Hello, we use
CassandraSession#selectAll to query our Cassandra cluster for some additional data separate from akka-persistence. Because of some application requirements we block on the result before continuing. We had a case in production where the
CompletionStage (we’re using the Java DSL) never completed and caused the entire thread to block indefinitely due to lack of a timeout.
"application-cassandra-plugin-default-dispatcher-7889" #29169 prio=5 os_prio=0 tid=0x00007fae38042000 nid=0x7abe waiting on condition [0x00007fadd8e0f000] java.lang.Thread.State: WAITING (parking) at sun.misc.Unsafe.park(Native Method) - parking to wait for <0x0000000732b05e58> (a java.util.concurrent.CompletableFuture$Signaller) at java.util.concurrent.locks.LockSupport.park(LockSupport.java:175) at java.util.concurrent.CompletableFuture$Signaller.block(CompletableFuture.java:1693) at java.util.concurrent.ForkJoinPool.managedBlock(ForkJoinPool.java:3323) at java.util.concurrent.CompletableFuture.waitingGet(CompletableFuture.java:1729) at java.util.concurrent.CompletableFuture.get(CompletableFuture.java:1895) at com.twilio.application.ItemDAOCassandraImpl.get(ItemDAOCassandraImpl.java:66) ... snip ...
Where the code is just:
final Select select = QueryBuilder.select() .from(KEYSPACE, TABLE) .where(QueryBuilder.eq(ACCOUNT_ID, accountId.getValue())) .limit(1); return cassandraSession .selectAll(select) .thenApply(rows -> convertToProtocol(rows)) .toCompletableFuture() .get();
.thenApply() is simply object conversion using
There’s no evidence that there was any problem with our Cassandra cluster (network, timeouts, errors, etc.), and I also see nothing obvious in akka-persistence-cassandra that could cause this looking at the SelectSource though I’m not the most well-versed in akka streams.

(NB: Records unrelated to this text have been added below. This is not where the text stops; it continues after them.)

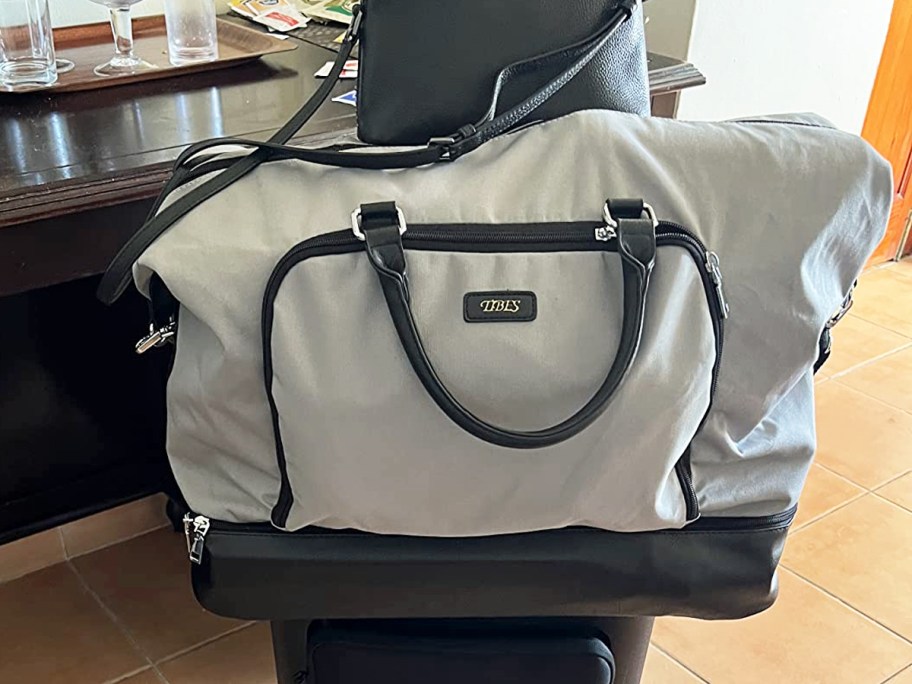 grey and black weekender bag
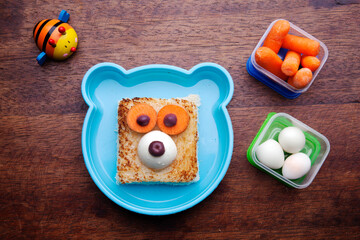 Obraz premium School lunch box snacks for kids over wooden background. Back to school. Healthy and fun snack option for moms. Cute food art creative concepts. Bow with fruits and vegetables and cute sandwich.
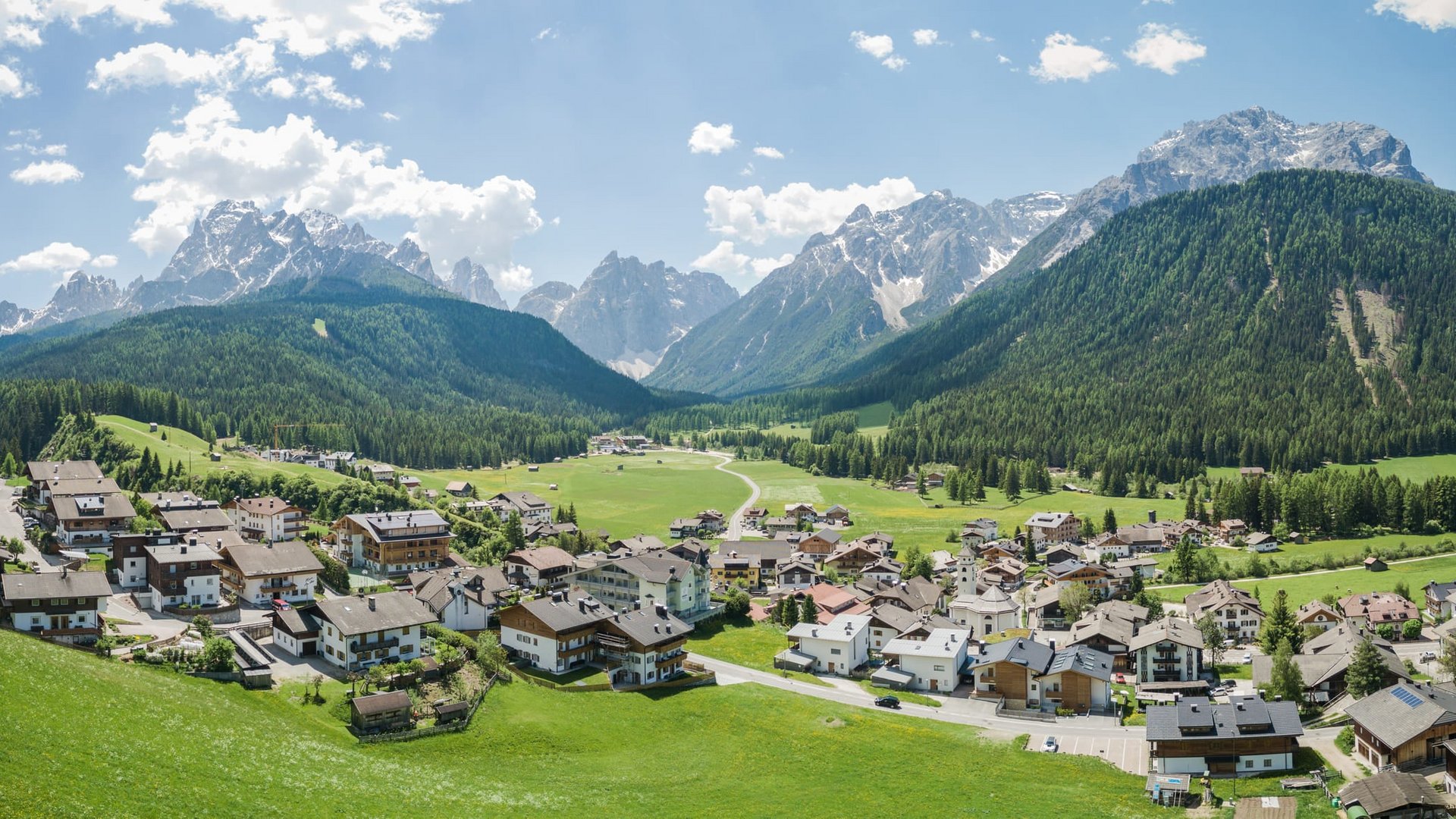 Village in valley with mountains and forests under blue sky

While we already have plenty of fixes to prevent this from happening again (as well as moving to
CassandraSession#selectOne as that fits our use-case better), I’m hoping to understand why
selectAll may have not returned so that we can reproduce and ensure all of our betterments account for this failure mode.
- akka 2.5.13
- akka-persistence-cassandra 0.85
- Cassandra 3.0.9
I can give more details if needed, not sure what would be relevant.